A Quick Look at the Records Lifecycle

1.

Creation

When information is received internally or externally in any form, including digital, print and video, it becomes a record.

2.

Distribution

This phase is concerned with managing the record. It includes both internal and external distribution.

3.

Use

This area is concerned with how the record is distributed internally and its effect on all or a segment of a business.

4.

Maintenance

This focuses on procedures every records manager should follow after an important document has been created and distributed. It’s critical that a plan be put into place defining how the information will be cataloged. Only then can data be accessed for requests or retrieval by authorized members of a company. Critical to this step is having a process in place that ensures the record is returned and available to others.

5.

Disposition

Most records are retained—and must be available—for approximately seven years before they can be properly shredded and destroyed. There is a small percentage of records that never lose their value. Retention periods are defined by an organization’s specific retention schedule. Helen Streck, CEO of Kaizen InfoSource describes a retention schedule as a document that tells you what kind of information the company has and how long to keep it. She goes on to say that a document is the foundation if you want to tie records management back to security.

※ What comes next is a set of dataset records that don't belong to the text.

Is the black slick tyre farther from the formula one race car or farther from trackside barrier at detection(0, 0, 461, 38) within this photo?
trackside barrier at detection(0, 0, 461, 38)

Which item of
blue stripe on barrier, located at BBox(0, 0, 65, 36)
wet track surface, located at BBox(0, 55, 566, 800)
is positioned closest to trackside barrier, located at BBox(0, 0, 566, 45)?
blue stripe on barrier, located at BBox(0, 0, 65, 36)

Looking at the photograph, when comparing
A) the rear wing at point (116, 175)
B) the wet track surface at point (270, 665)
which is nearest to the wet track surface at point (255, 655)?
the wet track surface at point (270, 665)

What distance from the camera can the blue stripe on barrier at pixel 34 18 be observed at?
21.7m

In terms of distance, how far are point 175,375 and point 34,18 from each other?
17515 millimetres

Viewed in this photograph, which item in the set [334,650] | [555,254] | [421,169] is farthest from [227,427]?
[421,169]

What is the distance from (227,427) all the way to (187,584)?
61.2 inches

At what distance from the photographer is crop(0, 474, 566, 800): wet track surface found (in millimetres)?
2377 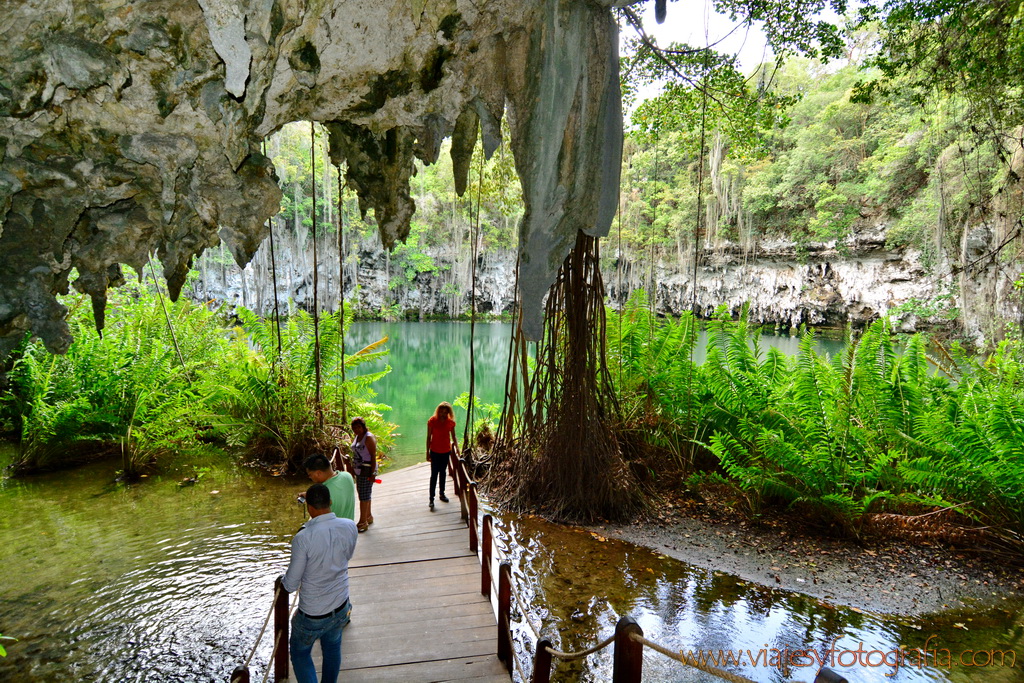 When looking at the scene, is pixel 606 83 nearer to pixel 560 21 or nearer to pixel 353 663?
pixel 560 21

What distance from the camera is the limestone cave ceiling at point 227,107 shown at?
282 cm

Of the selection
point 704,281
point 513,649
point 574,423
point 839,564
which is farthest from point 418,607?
point 704,281

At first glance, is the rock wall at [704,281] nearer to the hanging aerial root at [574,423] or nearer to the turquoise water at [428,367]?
the turquoise water at [428,367]

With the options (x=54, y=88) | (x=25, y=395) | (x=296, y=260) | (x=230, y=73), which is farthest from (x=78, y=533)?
(x=296, y=260)

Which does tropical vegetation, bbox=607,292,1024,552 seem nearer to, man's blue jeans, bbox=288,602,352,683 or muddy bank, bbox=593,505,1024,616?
muddy bank, bbox=593,505,1024,616

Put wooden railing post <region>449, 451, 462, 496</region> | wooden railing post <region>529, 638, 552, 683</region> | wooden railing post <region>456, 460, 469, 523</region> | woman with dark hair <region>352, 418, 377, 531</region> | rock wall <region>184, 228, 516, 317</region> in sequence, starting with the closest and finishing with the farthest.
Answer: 1. wooden railing post <region>529, 638, 552, 683</region>
2. woman with dark hair <region>352, 418, 377, 531</region>
3. wooden railing post <region>456, 460, 469, 523</region>
4. wooden railing post <region>449, 451, 462, 496</region>
5. rock wall <region>184, 228, 516, 317</region>

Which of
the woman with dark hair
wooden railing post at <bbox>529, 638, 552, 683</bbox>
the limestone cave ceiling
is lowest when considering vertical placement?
wooden railing post at <bbox>529, 638, 552, 683</bbox>

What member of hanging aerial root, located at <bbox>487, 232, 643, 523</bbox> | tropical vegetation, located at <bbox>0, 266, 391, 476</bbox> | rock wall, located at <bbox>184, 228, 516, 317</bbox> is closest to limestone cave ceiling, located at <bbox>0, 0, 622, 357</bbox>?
hanging aerial root, located at <bbox>487, 232, 643, 523</bbox>

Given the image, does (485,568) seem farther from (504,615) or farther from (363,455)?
(363,455)

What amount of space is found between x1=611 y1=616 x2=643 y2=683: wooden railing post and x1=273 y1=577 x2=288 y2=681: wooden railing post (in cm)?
178

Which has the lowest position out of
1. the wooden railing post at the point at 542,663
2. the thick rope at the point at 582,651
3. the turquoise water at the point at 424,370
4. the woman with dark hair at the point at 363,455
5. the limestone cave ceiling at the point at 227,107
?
the turquoise water at the point at 424,370

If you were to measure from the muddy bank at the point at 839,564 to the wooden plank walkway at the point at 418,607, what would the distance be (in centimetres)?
183

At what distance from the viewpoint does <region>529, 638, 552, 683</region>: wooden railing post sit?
8.45ft

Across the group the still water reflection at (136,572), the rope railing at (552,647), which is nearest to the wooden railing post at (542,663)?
the rope railing at (552,647)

How to Manage the Records Lifecycle

In short, the days of keeping critical records filed in boxes strewn about the office are a thing of the past—it’s time to organize your files library-style. It’s easy to see that of foremost concern is a company’s ability to quickly access a record when the need arises, always feeling in control of all of the business’s valuable information. When necessary, records can be retrieved without wasting time sorting and shuffling through countless boxes. Entrepreneur reports that the average company loses more than 20 percent of its productive capacity to “organizational drag,” otherwise known as red tape or unnecessary complexity. First, secure offsite records storage with proper indexing of files in place dramatically reduces costs related to managing files, misallocated office storage space, and organizational drag. Lastly having a chain of custody is a big deal. The chain of custody keeps tabs of every document over its entire lifecycle. In short, it’s a log that tracks every file’s whereabouts, including a description of the document, who created the document, where and when it’s been distributed, who has the document now.